S’agissant de la question relative à la suffisance de la durée du préavis de 3 mois au regard des 37 années de relations dans le domaine particulier du courtage, la Cour de cassation a répondu par l’affirmative : elle a considéré que l’absence d’un état de dépendance économique démontré de la part du courtier vis-à-vis du client justifiait que le préavis accordé ne soit pas plus long que celui issu des usages en vigueur dans ce domaine, en dépit de la longueur de la relation (37 ans). La Cour de cassation s’est focalisée sur la carence du courtier dans l’administration de la preuve de son état de dépendance économique vis-à-vis de son client. Ainsi, le critère de l’absence de dépendance économique démontré a prévalu sur celui de la durée de la relation commerciale et a conduit, en association avec le respect des usages applicables dans le secteur du courtage d’assurance, à modérer amplement la durée du préavis suffisant. Il convient de relever que, pour cette appréciation de l’état de dépendance économique, la Cour de cassation s’est référée à l’impossibilité pour le courtier de disposer d’une solution techniquement et économiquement équivalente aux relations contractuelles qu’il avait nouées avec le client, et non à l’importance de la part de chiffre d’affaires que la victime réalisait avec l’auteur de la rupture.

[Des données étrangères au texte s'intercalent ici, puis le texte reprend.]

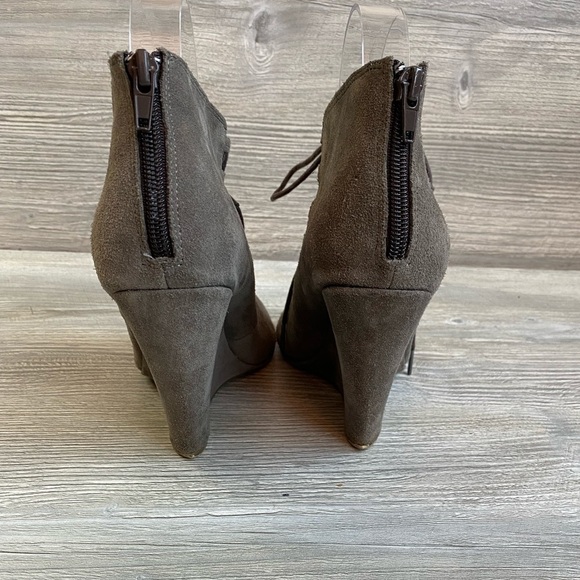 Shoemint Jordane lace up peep toe leather wedge booties size 6.5 zipper heel - Picture 4 of 12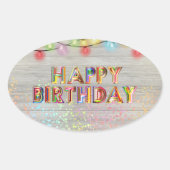 Glitter en Lights Happy Birthday Ovale Sticker (Voorkant)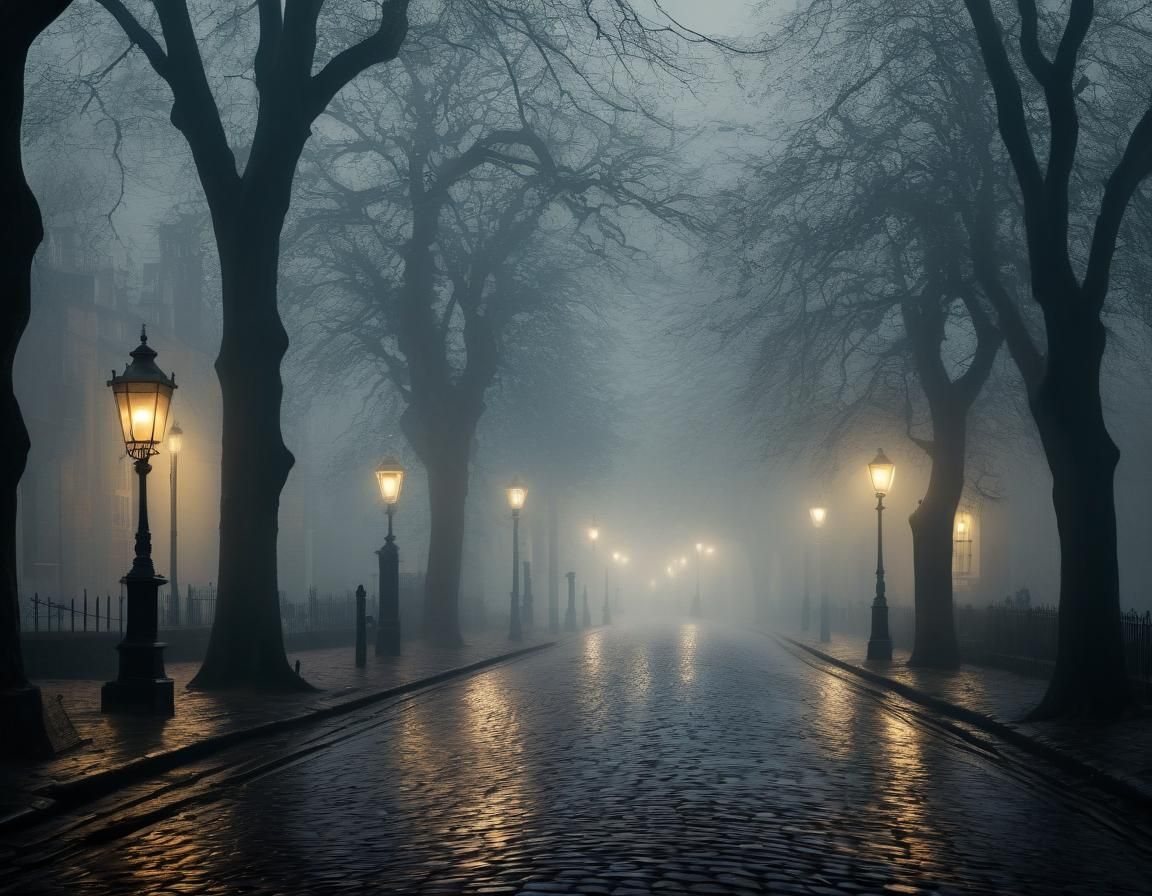 Eerie Foggy Road in Old England, Atmospheric Style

S’agissant du préjudice réparable, l’indemnisation suite à la rupture du contrat de gestion était réclamée par le client du courtier qui pourtant, par définition, n’avait pas subi de perte de marge. Ainsi, le client réclamait réparation pour les conséquences néfastes que l’arrêt du contrat de gestion avait entraînées dans son organisation.  Précisément, le client du courtier soutenait avoir subi un préjudice du fait de la rupture par son prestataire de service de sa mission de gestion qui avait entraîné, en son sein, des dysfonctionnements et des désagréments lors du changement de gestionnaire de ses polices d’assurance. La Cour de cassation a écarté ce préjudice qu’elle a considéré être imputable non pas à la brutalité de la rupture de la relation mais à la rupture elle-même, qui n’était pas fautive. La Cour de cassation a ainsi refusé de reconnaître l’existence d’un lien de causalité entre la désorganisation de l’activité du client subissant la rupture et le caractère éventuellement brutal de celle-ci. Pour la Cour, les difficultés générées pour le client par l’arrêt du contrat et le choix d’un gestionnaire se révélant incompétent est bel et bien la conséquence de la rupture et non de sa brutalité. Il aurait peut-être fallu démontrer, pour obtenir une décision inverse de la part de la Cour de cassation, que le nouveau gestionnaire avait été choisi dans l’urgence et que ce mauvais choix avait ainsi été, pour le client, imputable à une insuffisance de préavis et donc à la brutalité de la rupture.